Today marks International Women’s Day, an event celebrated since the early 1900s, when women fought for better pay, shorter hours and the right to vote. American women finally gained the right vote vote in 1920, with the passing of the 19th Amendment. And in 2013, the scenery has changed drastically. Presently, there are 98 women serving in the 113th U. S. Congress, a record-breaking number. And just yesterday, President Obama signed the Violence Against Women Act into law.
So why do we still need International Women’s Day? Or in the words of a friend, “When did half our species need a special day to be celebrated and appreciated?” Why? Because unlike Mother’s Day or Father’s Day or Grandparent’s Day, International Women’s Day is not only a celebration of the rights we have gained, but a time to assess all of the work we still have to do. Because we live in a society where sexual violence against women has become normalized.
To commemorate International Women’s Day, I invite you to read a number of stories penned by female survivors of sexual abuse. First, a powerful essay penned by India Ink contributor Nilanjana S. Roy, where she opens up about her own experience as a survivor of sexual abuse. In it, she writes, “I’m breaking my silence today to make a point, not about abuse, but about the importance of consent in the present debate over women’s rights and gender equality in India.”
I also suggest you watch the video of American filmmaker Sandi Higgins, who shares her story with MTV Desi.

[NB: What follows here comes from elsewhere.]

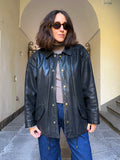 Giacca in pelle nera modello bomber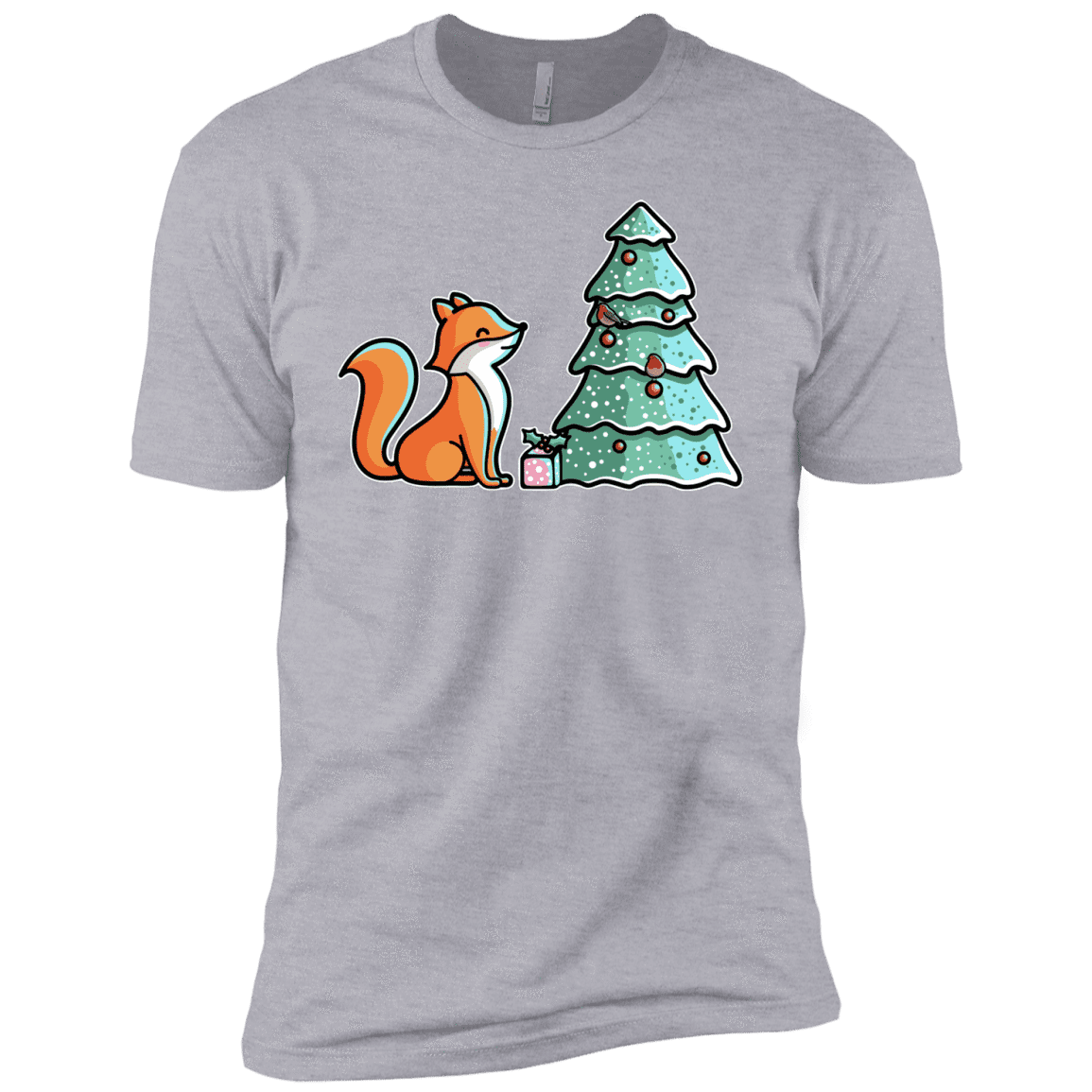 T-Shirts Heather Grey / YXS Kawaii Cute Christmas Fox Boys Premium T-Shirt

Troublingly, the first comment on the page was from an IBM India employee, who wrote, “Ur [sic] responsible for your safety. Its [sic] India bitch.” Troubling (and a clear violation of IBM’s Social Computing Guidelines), but unsurprising.
But like I’ve said before, violence against women isn’t limited to the subcontinent. It takes place every day, everywhere – including North America. As Harsha Walia writes in her essay, “Delhi: From Shame to Defiance,” low conviction rates are thrown around as somehow unique to India, ignoring equally low conviction rates in North America and Europe.”
And last, but not least, the story of Fulbright scholar Shalini Kantayya, and her assault in a hotel room in India. She also addresses the myth that sexual violence is confined to one specific continent, environment or situation. Kantayya writes, “Sexual violence against women is ubiquitous. It happens to women everywhere, however educated, however empowered, across boundaries of race, class, and nationality.”
In my own experience, many of my female acquaintances, including myself, have faced sexual abuse in some form or the other. I was honored to share my story in The Survivor’s Project: Telling the Truth About Life After Sexual Abuse, an anthology of stories co-edited by my editor and friend at Philadelphia Weekly, Indian-American journalist Nina Hoffman, along with her husband, Joel. I hope that on International Women’s Day, other women, too, will feel compelled to share their stories.